Let \(\{\varvec{x}^{n}\}\) be the sequence generated by ISTA for the LASSO problem and \(\varvec{x}^{*}\) be the optimal solution. If \(\sigma _{\text {min}}(A_{E}^{\top }A_{E})>0\), then

$$\begin{aligned} \Vert \varvec{x}^{n+1}-\varvec{x}^{*}\Vert \le \rho \Vert \varvec{x}^{n}-\varvec{x}^{*}\Vert . \end{aligned}$$

where \(\rho =1-\mu \sigma _{\text {min}}(A_{E}^{\top }A_{E}), \rho \in (0,1)\).

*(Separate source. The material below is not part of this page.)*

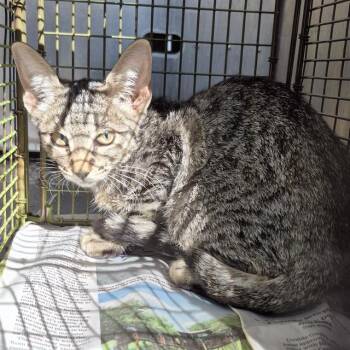 DUMPLING -  Domestic Short Hair Cat for Adoption in San Antonio, Texas - DUMPLING | PetCurious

The basic Step 4 of FISTA for the LASSO problem can be written as

$$\begin{aligned} \varvec{x}^{n+1}=\text {shr}_{\lambda \mu }\left( B_{\mu }(\varvec{y}^{n})\right) . \end{aligned}$$

Before establishing the improved linear convergence rate of FISTA, we present an important property first.

Lemma 2

Assume that the sequence \(\{\varvec{x}^{n}\}\) generated by FISTA for the LASSO problem converges to \(\varvec{x}^{*}\). Then, there exists an \(n_{0}\) such that whenever \(n\ge n_{0}\), for any \(i\in L\)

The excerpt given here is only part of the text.